Activation of mGlu4R inhibit striatopallidal synapse transmission
One of the key experiment sought to study the effect of mGluR III agonist on the striatopallidal IPSCs (because increased striatopallidal IPSCs was thought to cause motor symptoms in PD). More specially, mice were treated with selective group III mGluR agonist L-AP4 and the striatopallidal IPSCs were measured. Results show that activation of mGluR III inhibits striatopallidal IPSCs. This was further confirmed when the drug was washed out, in which striatopallidal IPSCs amplitude went back to normal (before the drug treatment) 10. This result raises another question: which group III mGluR subtype is responsible for this effect?

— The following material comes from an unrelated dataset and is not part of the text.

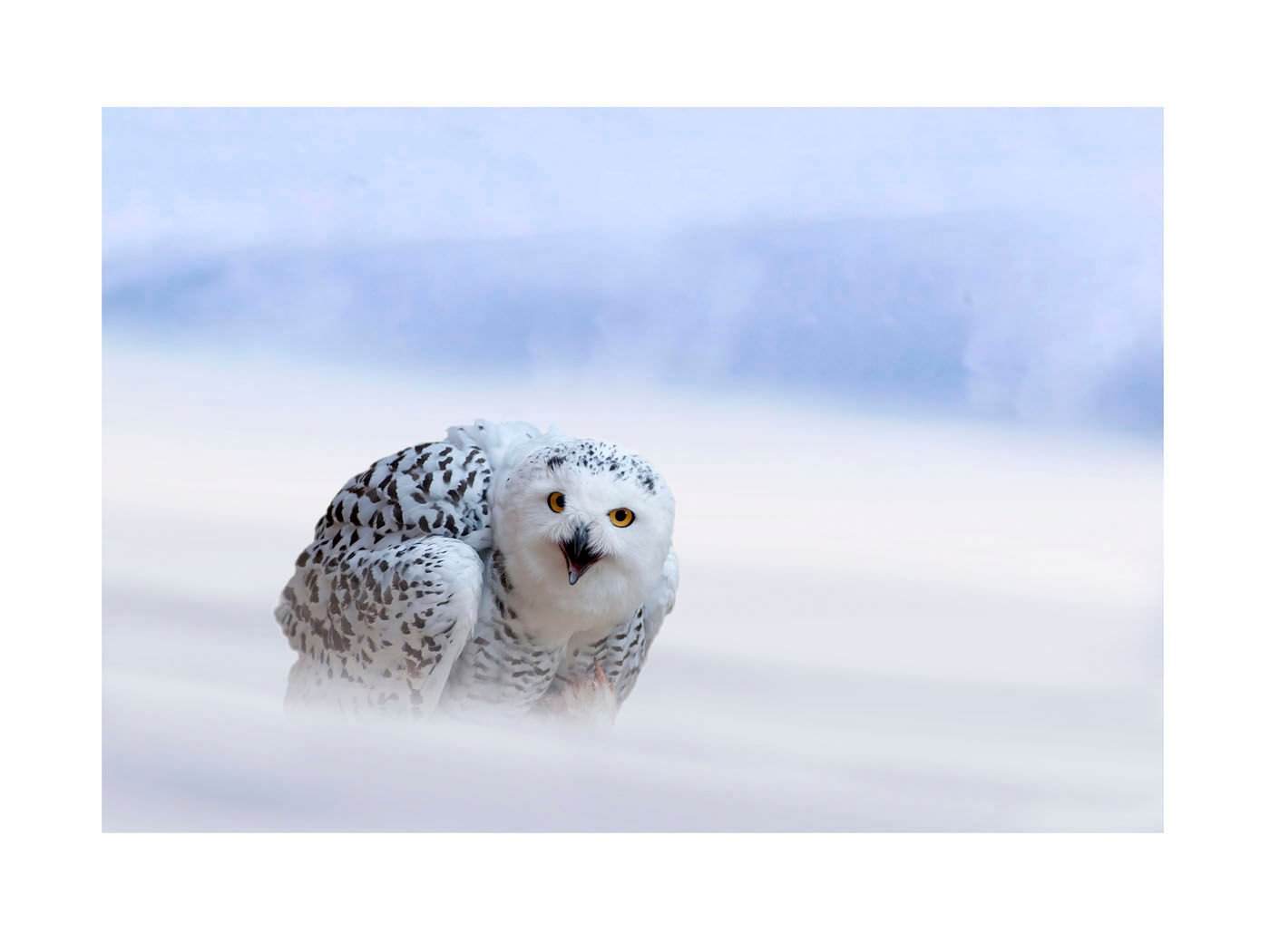 Screensavers For Iphone Snowy Owl Owls Snowy Owl Snow Owl Wallpaper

Through series of experiments, it was discovered that mGluR4, which was found in the pre-synapse of striatopallidal terminals, could potentially be the group III mGluR that led to striatopallidal IPSC inhibition. This was suggested by compare the effect of L-AP4 on mGluR4 knock out (KO) mice and the vehicle. Results show that L-AP4 in control mice did lower striatopallidal IPSC. As for the mGluR4 KO mice, L-AP4 didn’t significantly reduce the striatopallidal IPSC, suggesting that mGluR4 activation inhibit the striatopallidal synaptic transmission 10.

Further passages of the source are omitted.